_Task to complete_
Copy nothing from the entries below except the lines from the one containing "Graphic Art 002 Rubber Coaster (round)" through the one containing "DSPIAE CC-01 Model", and copy those exactly.

_Extracted records_
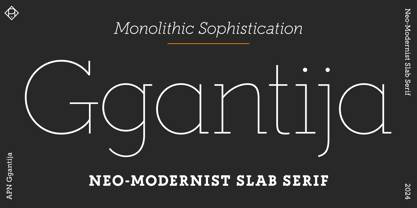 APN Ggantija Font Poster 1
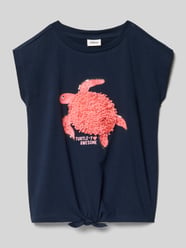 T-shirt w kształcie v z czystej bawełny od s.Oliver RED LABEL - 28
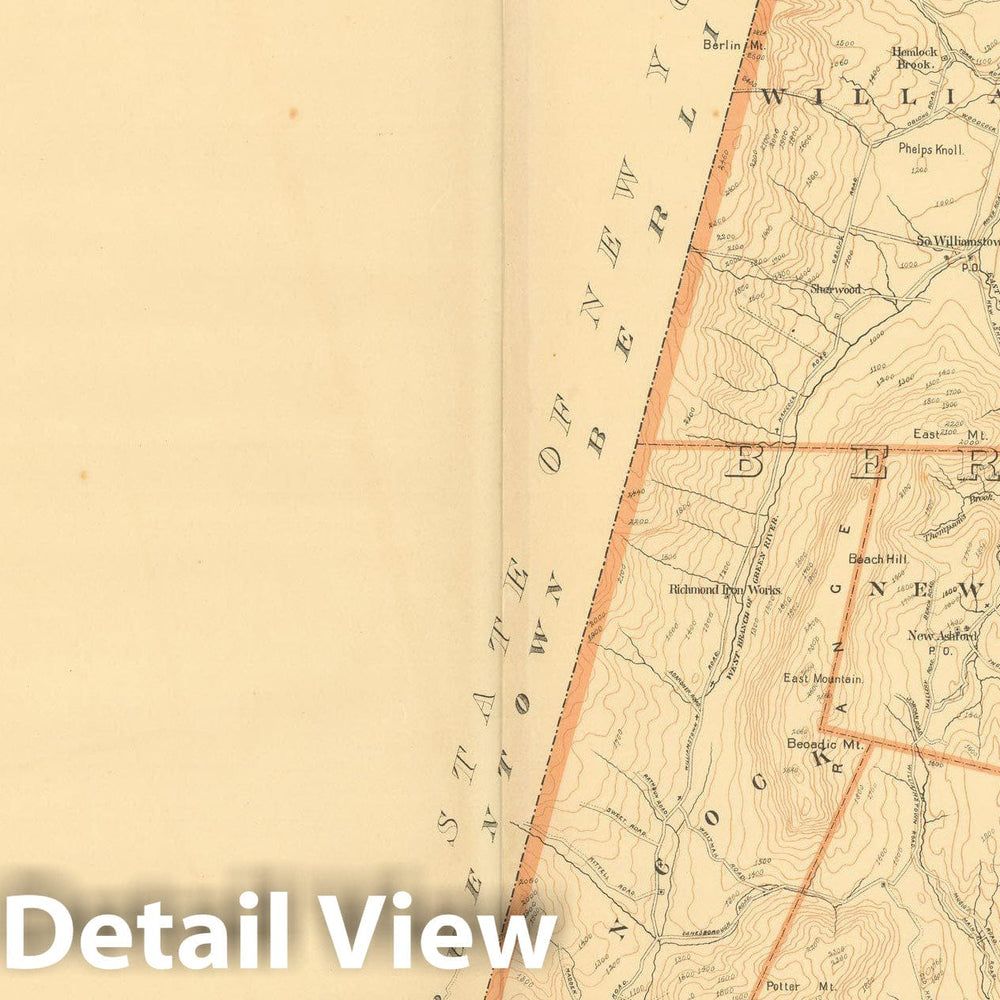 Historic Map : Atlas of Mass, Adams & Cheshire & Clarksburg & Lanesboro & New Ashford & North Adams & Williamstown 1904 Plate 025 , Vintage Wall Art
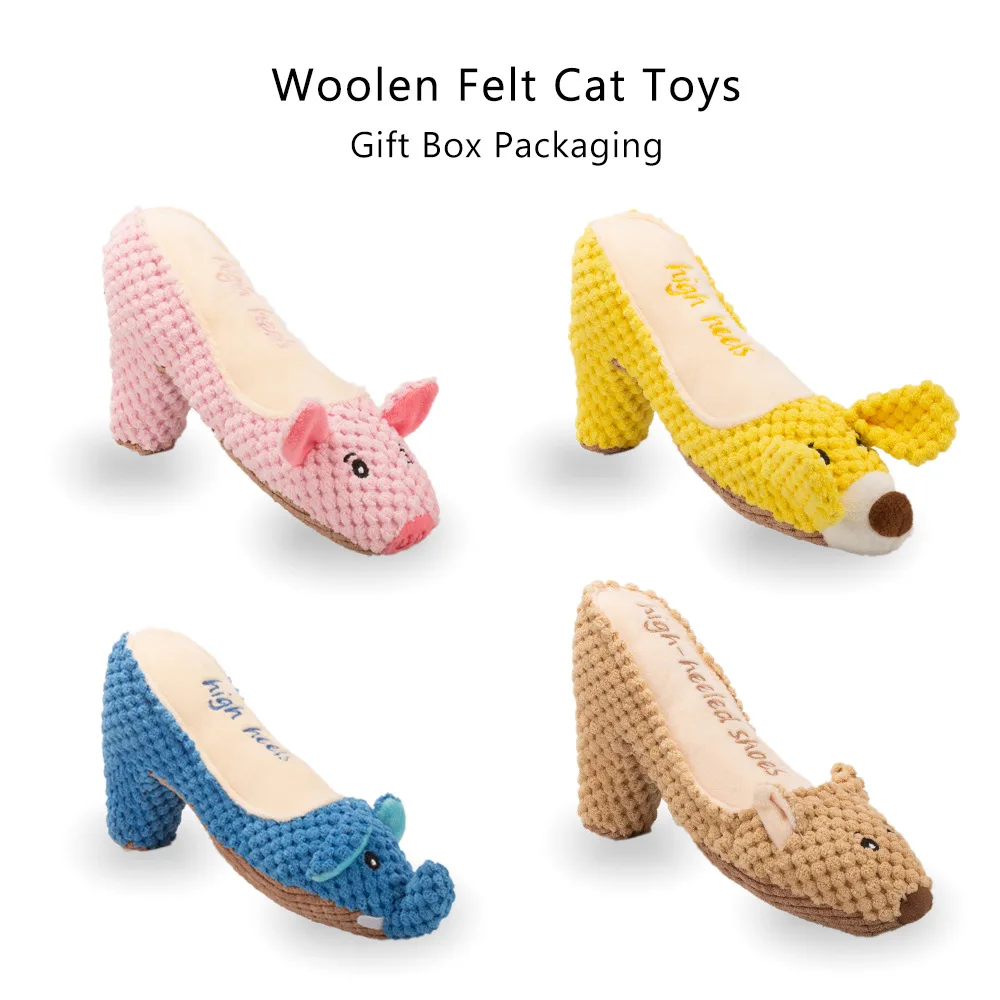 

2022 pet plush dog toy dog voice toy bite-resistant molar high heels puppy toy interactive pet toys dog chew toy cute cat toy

==

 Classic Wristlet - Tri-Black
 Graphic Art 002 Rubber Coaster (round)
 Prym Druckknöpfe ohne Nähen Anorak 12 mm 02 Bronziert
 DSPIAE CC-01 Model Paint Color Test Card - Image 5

--

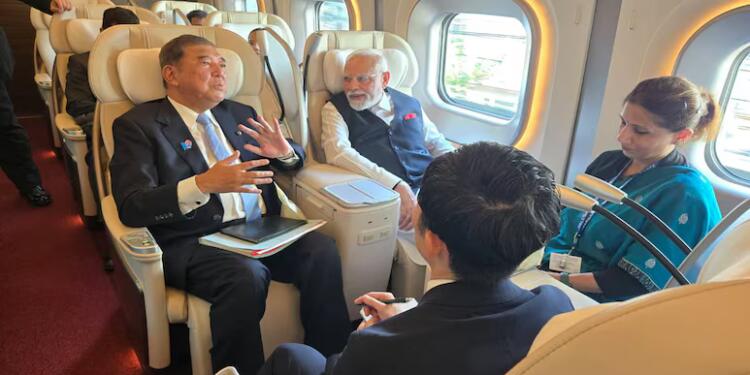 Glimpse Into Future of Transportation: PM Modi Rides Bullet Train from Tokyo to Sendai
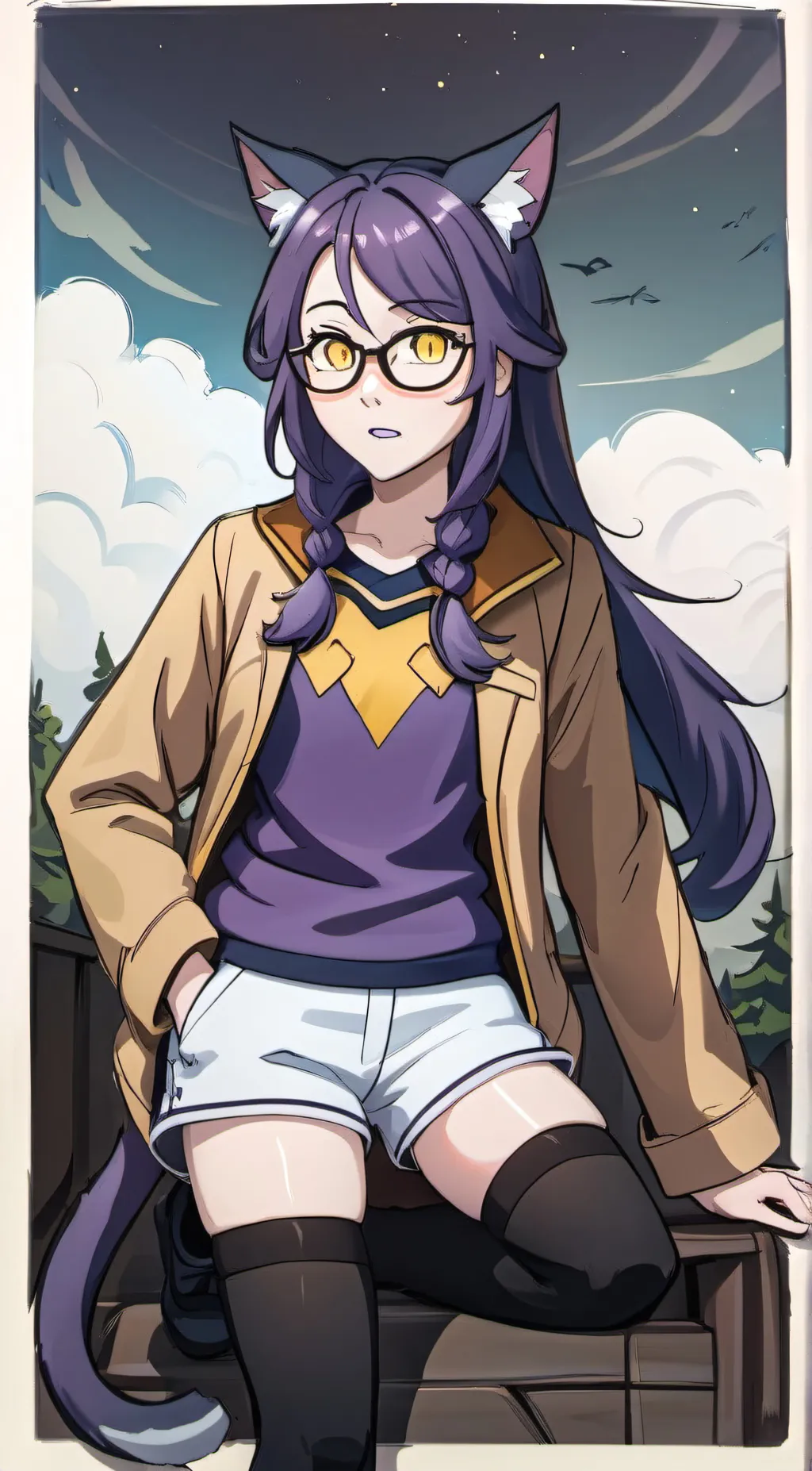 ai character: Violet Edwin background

_Solution for this problem_
 Graphic Art 002 Rubber Coaster (round)
 Prym Druckknöpfe ohne Nähen Anorak 12 mm 02 Bronziert
 DSPIAE CC-01 Model Paint Color Test Card - Image 5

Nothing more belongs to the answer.